The Daily Observer London Desk: Reporter- John Furner
Researchers at the National Institute of Standards and Technology (NIST) have devised a photonic circuit on a chip that transforms a single incoming beam of laser light into a panoply of new beams, each with a host of different optical properties.
The newly generated beams—which retain the frequency of the original beam—simultaneously exit the circuit at different locations along the chip. That allows scientists and engineers to select the specific characteristics of one or more beams needed for a particular application.
Precision shaping and controlling beams of visible light are critical for diagnosing and studying human diseases, trapping atoms that form the basis of the world’s most accurate clocks, quantum computing, and many other quantum-based technologies.
Doing so, however, typically requires bulky optics that occupy large amounts of laboratory space. The new NIST-designed device could eventually eliminate the need for such optics and help miniaturize the latest generation of atomic clocks and other devices, bringing them out of the laboratory and into the workplace. Small, portable versions of atomic optical clocks could dramatically improve navigation systems, especially underwater, where GPS is not available.
Most methods of shaping and guiding light on a chip, including those that employ metasurfaces, typically convert a single light beam with one set of properties into another single light beam with a different set of properties.
In contrast, “our device can generate a very large number of shaped beams from a single input beam,” said NIST researcher Grisha Spektor. Multiple laser beams that simultaneously bombard a cloud of atoms from different directions are required to trap and cool the cloud so it can be used as the basis of an atomic clock. The newest generation of optical atomic clocks, likely to become the new international (SI) standard for defining the second, typically require six laser beams.
The researchers, who include scientists from Stanford University in California, the University of Colorado in Boulder and Octave Photonics in Boulder, described their work in the June 30 online edition of the journal Optica.
The circuit generates these beams within an ultrathin layer of tantalum pentoxide 150 nanometers (billionths of a meter) thick, about one-hundredth the diameter of a human red blood cell.

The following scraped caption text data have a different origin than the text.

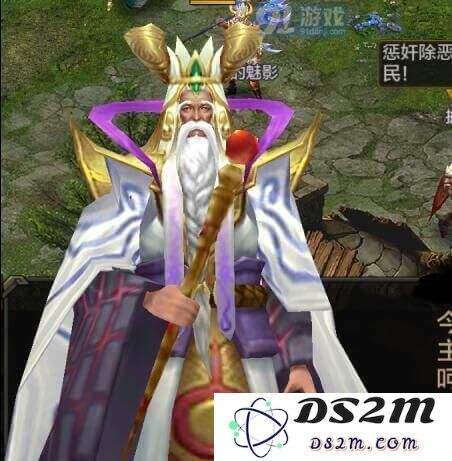 QQ华夏手游NPC在哪儿?华夏手游NPC汇总详解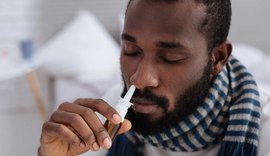 Médicos criam spray nasal contra gripe, meningite e pneumonia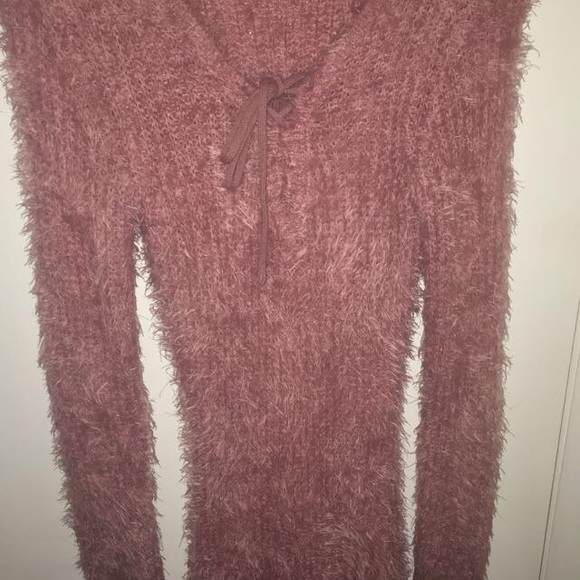 Pink Dress - Picture 3 of 4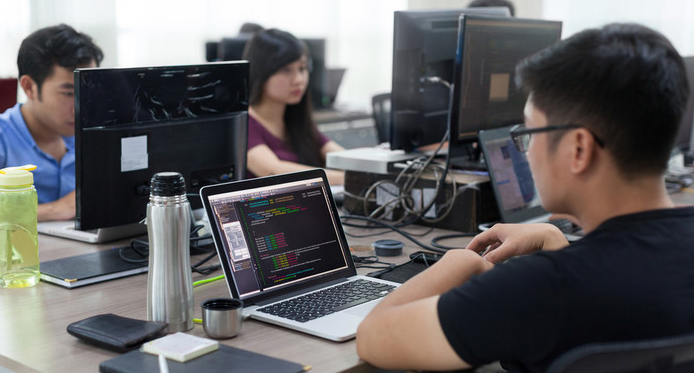 術(shù)業(yè)有專攻，簡(jiǎn)談IT外包服務(wù)如何被大眾接受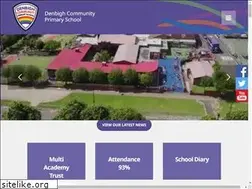 Sites similar to denbighps.org.uk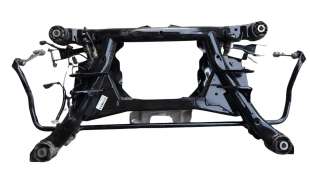 Recambio de puente trasero para land rover discovery sport 2014- pure referencia OEM IAM FK725K091  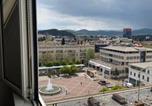 Location vacances Podgorica - Stan u strogom centru grada-1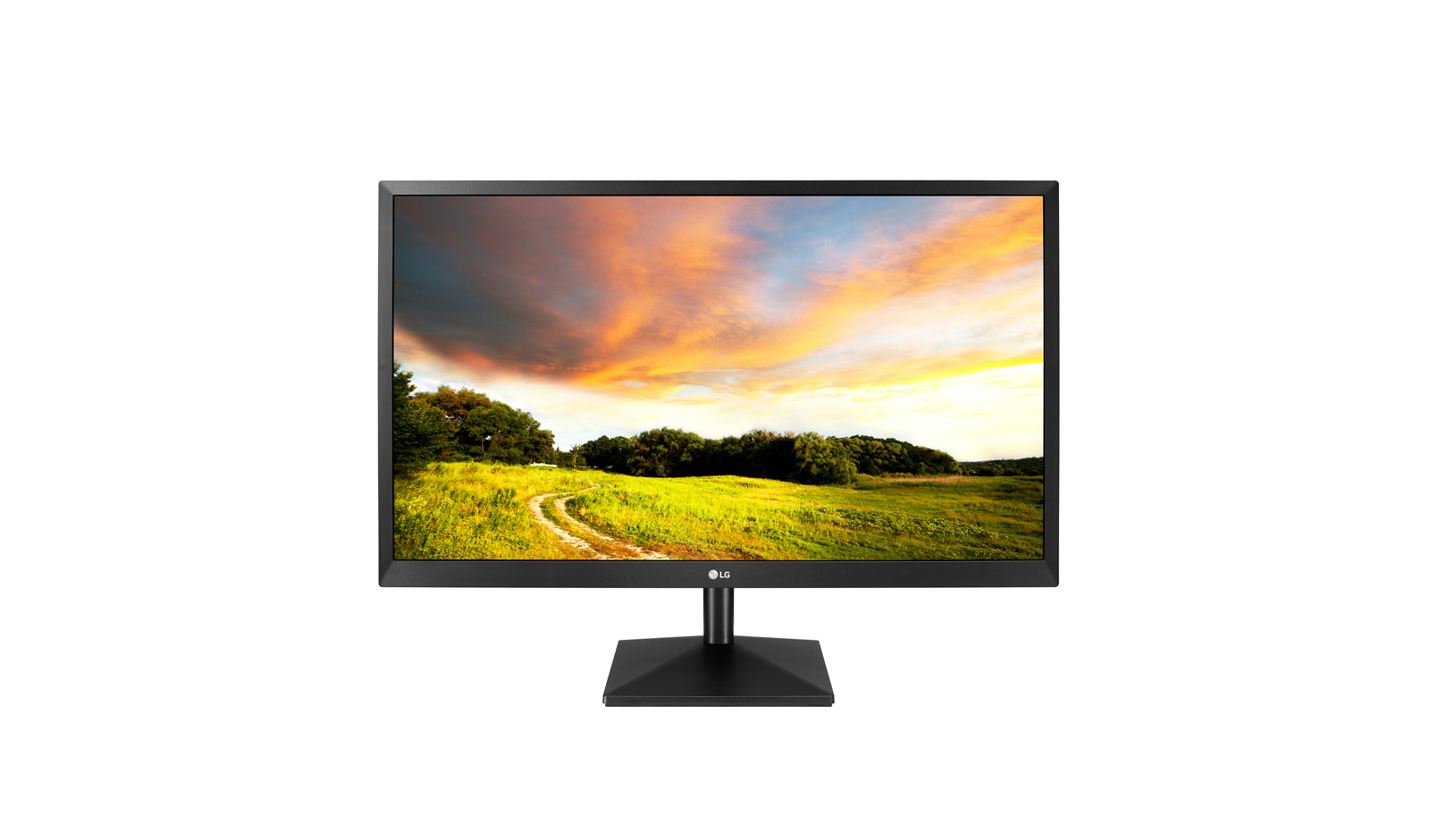 Monitor LED LG 27MK400H-B 27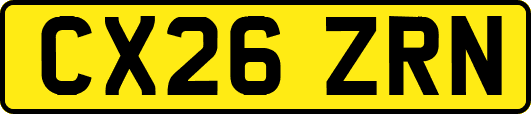 CX26ZRN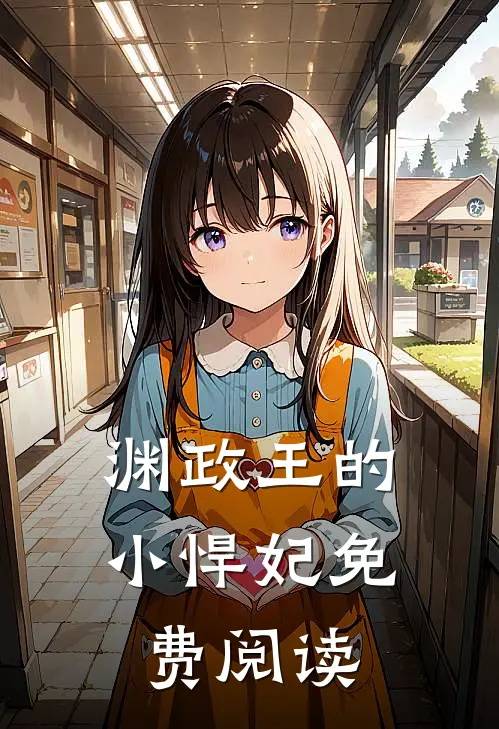 渊政王的小悍妃免费阅读
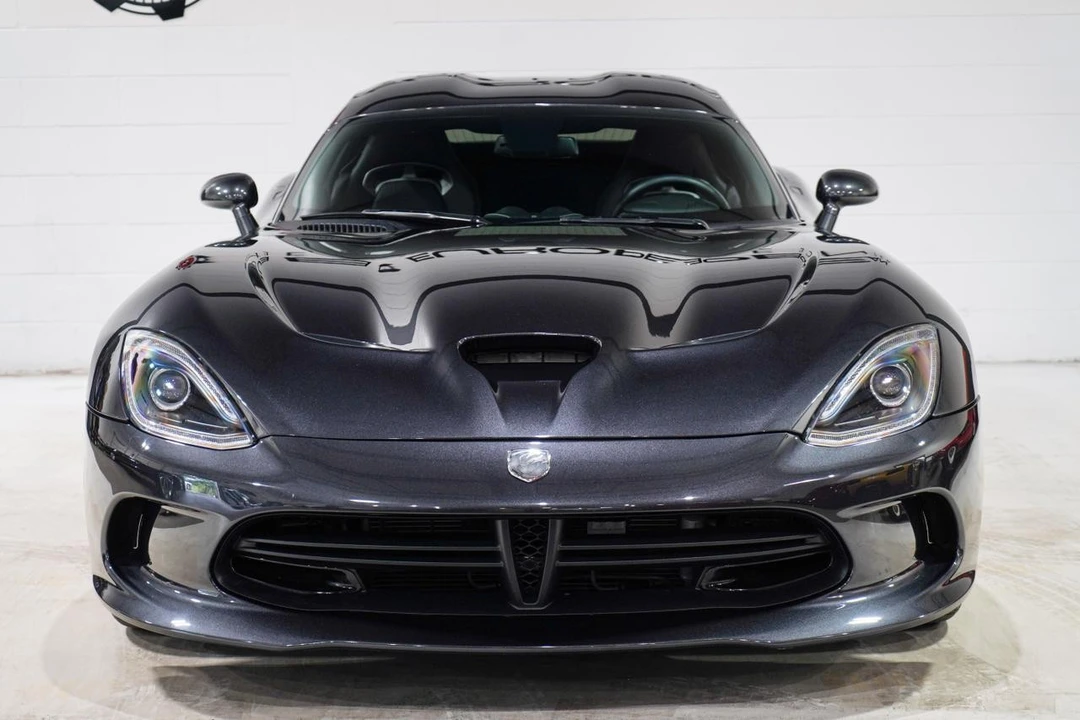 2015 Dodge Viper 5th Gen - Image 5 of 31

Tantalum pentoxide, often employed in optical coatings, has a high index of refraction and is almost perfectly transparent.
Using computer algorithms, Spektor and his colleagues imprinted the tantalum pentoxide layer with Swiss-cheese-like patterns tailored to generate multiple light beams, each with different properties. Because the photonic circuit consists of a single layer of material, it can be fabricated relatively easily and scaled up to larger dimensions as needed, Spektor said.
A laser beam enters the chip through a channel that guides the light to several different locations within the chip. At each location, the light stream is split in two. The structure of the tantalum pentoxide imparts a different phase—the position of a light wave within its cycle of peaks and valleys—to each of the streams.
In addition, the polarization of each of the two split streams—the plane in which the light wave vibrates—is rotated relative to the other by 90 degrees. The two streams are then recombined and scattered in various ways that create outgoing light beams with practically any desired phase, polarization, direction, or divergence.
Physicists need several wide, or divergent, beams to corral clouds of atoms used in atomic clocks and other quantum technologies. Diverging beams offer another advantage: They can be generated within a tiny region of the chip—less than one-tenth the width of a human hair—enabling the chip to create many closely-spaced beams. The small amount of real estate needed to create the beams also leaves the rest of the chip free to perform other tasks and house additional detectors or electronics that a particular experiment or application may require.
The team’s test results show that the chip device, once perfected, should be able to guide, shape, and deliver a virtually unlimited number of closely-spaced light beams at a variety of visible-light colors.